# Task requirements:
In the entries below, which lines run from the one containing "Caster Wheels For Tire Rack" to the one containing "Elegant decorative pot"? Copy exactly those lines, ends included, and no others.

[Materials provided]

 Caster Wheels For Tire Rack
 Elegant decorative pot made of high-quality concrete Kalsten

[/Materials provided]
[Materials provided]

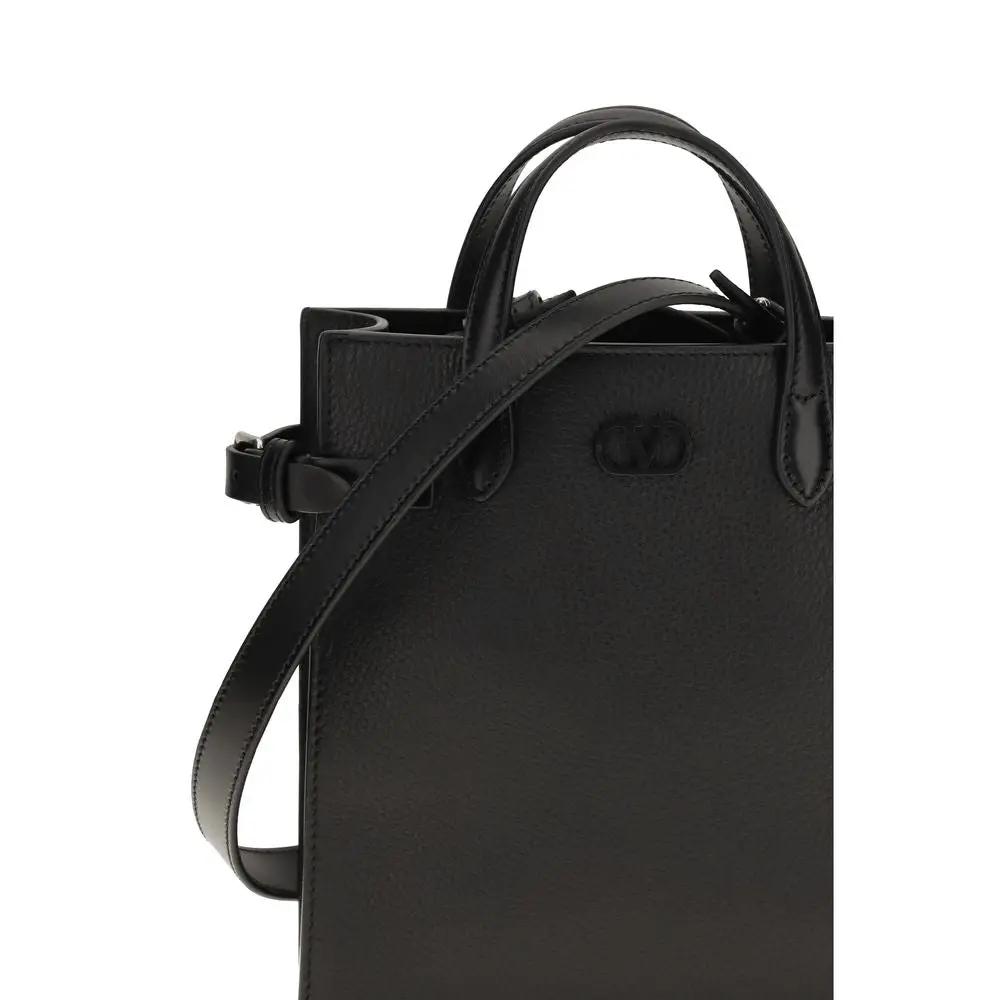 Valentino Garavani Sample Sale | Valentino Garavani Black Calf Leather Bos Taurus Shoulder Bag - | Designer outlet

[/Materials provided]
[Materials provided]

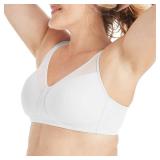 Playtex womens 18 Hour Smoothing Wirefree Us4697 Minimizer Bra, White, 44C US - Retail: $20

[/Materials provided]

# Answer section:
 Caster Wheels For Tire Rack
 Elegant decorative pot made of high-quality concrete Kalsten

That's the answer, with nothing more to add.